Becoming Water

paternoster (noun) 1. (in the Roman Catholic Church) the Lord's Prayer, especially in Latin 

Paternoster lakes occur in a series down a formerly glaciated valley in small basins scooped out by the glacier as it retreated. The name suggests a similarity to beads on a rosary, and the lakes are often connected to one another by streams that run between them and down the valley.

—National Park Service 

Grinnell Valley, Photo by the National Park Service

In 2018 I was offered the position of July Artist-in-Residence at Glacier National Park, an area encompassing over 1 million acres of pristine wilderness in northwestern Montana. I was provided four weeks use of a historic cabin on the north shore of Lake McDonald. As Artist-in-Residence, my job was to creatively explore and engage the natural and cultural resources of the park while pursuing my artistic goals.

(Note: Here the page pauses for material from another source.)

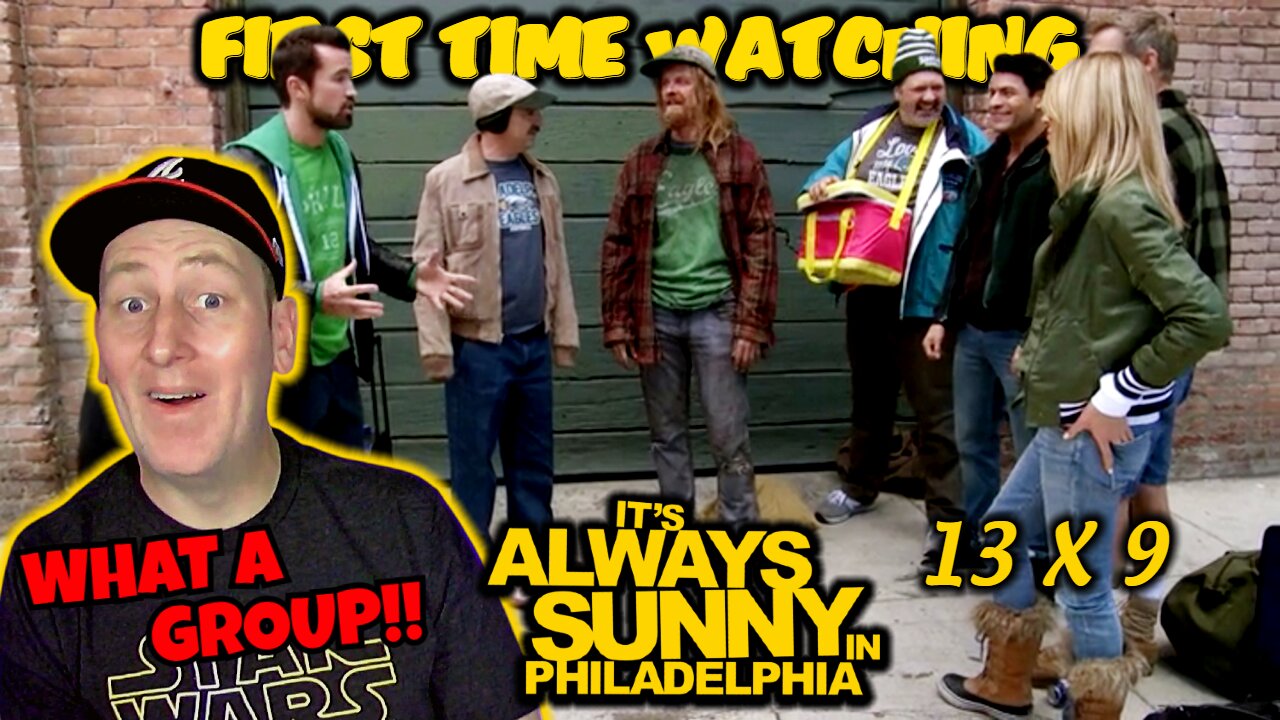 Its Always Sunny In Philadelphia 13x9 "The Gang Wins the Big Game" | Reaction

On the east side of Glacier National Park, in an area known as Many Glacier, a dazzling series of paternoster lakes lies nestled inside the length of Grinnell Valley. Swiftcurrent Lake, Lake Josephine, Grinnell Lake, and Upper Grinnell Lake are stacked along the 5.5 mile stretch between Many Glacier Hotel and the foot of Grinnell Glacier, which is situated just below the sheer rock spine of the Continental Divide. The glacier feeds directly into Upper Grinnell Lake, an iceberg-filled cirque at the head of the valley. From here, Grinnell Creek plummets 960 feet to the blue-green pool of Grinnell Lake below. At the outflow of Grinnell Lake, Cataract Creek winds for just over a mile through dense alpine forest before entering the mile-long Lake Josephine. Josephine then connects to the slightly smaller Swiftcurrent Lake via another three-quarter mile of stream bed.

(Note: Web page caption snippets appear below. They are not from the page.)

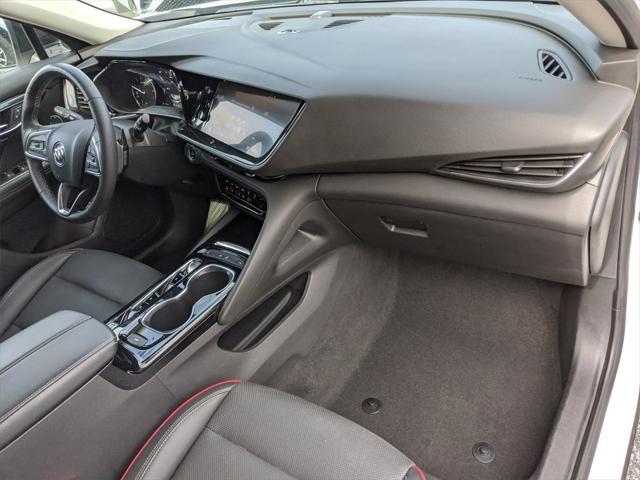 used 2023 Buick Envision car, priced at $23,523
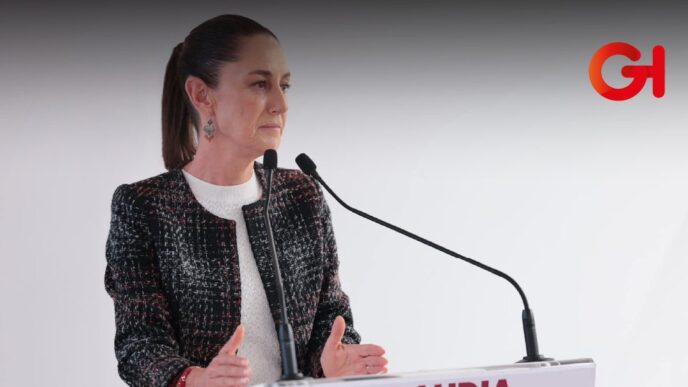 Claudia Sheinbaum Adán Augusto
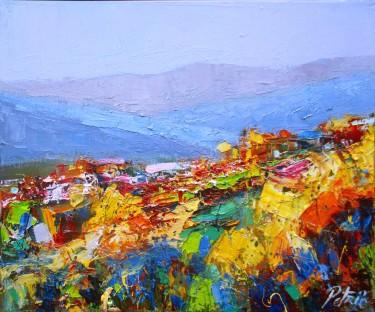 Mountain landscape by Petrić Gordan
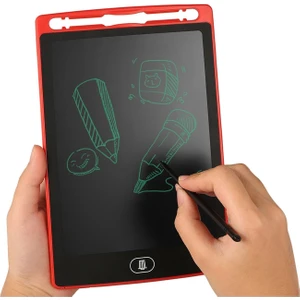 8"5 Çocuk ve Yetişkinler Için LCD Yazı ve Resim Çizim Tableti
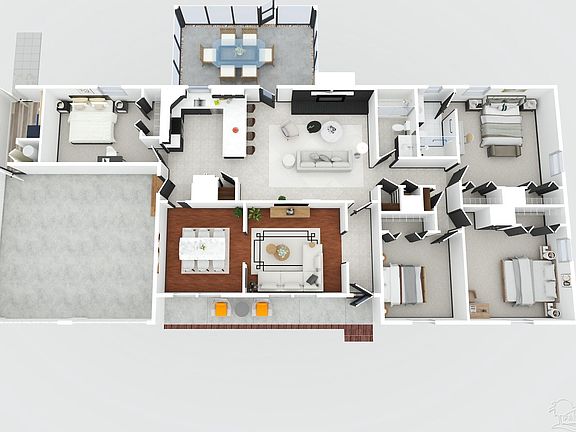 5th image of 1539 Bay Woods Rd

At the time of my residency, I was working on a series of large-scale painted prayers, The Lilies How They Grow. These nine, 7 x 5 foot pieces were an appeal for safe passage through the dark aftermath that followed the sudden deaths of my twin brother and mother. On July 26th, 2018, as an enactment of this continual prayer, I swam the chain of paternoster lakes and waterways that make up the Grinnell Glacier Complex. I prayed my way from the life-sustaining headwaters of the North American continent to the bottom of the valley, moving along the course one lake, one stroke, one moment of simply being carried at a time. I needed to be inside the beads and the thread lacing them together. I needed to become the water—to open up a space for my prayers and the prayers of others by becoming the rosary in the landscape itself.

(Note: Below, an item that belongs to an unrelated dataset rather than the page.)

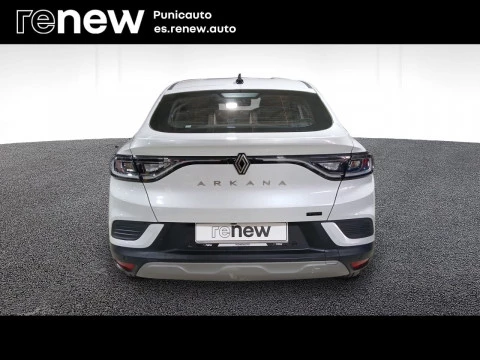 Renault Arkana  evolution E-Tech full hybrid 105 kW (145CV) -SS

All of my gratitude to my two beloved sisters, Jaimey Hamilton-Faris and Elizabeth Elliott, for choosing to be present on this day, and for imagining and realizing this prayer with me.

Upper Grinnell Lake, Glacier National Park

I stand beneath the headwall of the valley. The configuration of phenomena held by the cirque resembles less a lake than an otherworldly orchestration of raw elements—an amalgam of rock, ice, water and fog.

Lord Jesus Christ, have mercy on me. 

Tongues and slabs of dense white are buoyed by swaths of milky blue-green.

Lord Jesus Christ, have mercy on me. 

Walls of Precambrian strata rise abruptly and imperiously upward towards their mist-enshrouded spine.

Lord Jesus Christ, have mercy on me. 

A silent chute of water cascades down from an invisible source in the sky.

Lord Jesus Christ, have mercy on me. 

I am enveloped in a stillness thick and ageless, a quiet yawning and complete.  

Lord Jesus Christ, have mercy on me. 

The materiality of this place is ancient and substantial, yet the conditions are momentary and precarious.

Lord Jesus Christ, have mercy on me. 

Rock is becoming gravel is becoming sand is becoming silt is becoming clay.

Lord Jesus Christ, have mercy on me. 

Ice is becoming slush is becoming water is becoming fog is becoming rain.

Lord Jesus Christ, have mercy on me. 

Everything eats and swallows and merges with everything else in a glorious glacial soup.

Lord Jesus Christ, have mercy on me. 

In the crudeness of these surroundings I am starkly aware of the body and its functions—pulsations at the tiny drums of the temples and wrists, inflations and deflations of the chest cavity, soft fleshy swallows, a film of perspiration on the skin.

Lord Jesus Christ, have mercy on me. 

I pull the wetsuit, booties, and mitts from the belly of my pack.

Lord Jesus Christ, have mercy on me. 

I take off my boots and strip out of my clothes, wriggling into the thick sheathe of neoprene that will function as insulating blubber.

Lord Jesus Christ, have mercy on me. 

Covered in this cushiony black carapace, the body becomes androgynous, anonymous.

Lord Jesus Christ, have mercy on me. 

I don the booties and mitts, transforming feet and hands into fins and paws.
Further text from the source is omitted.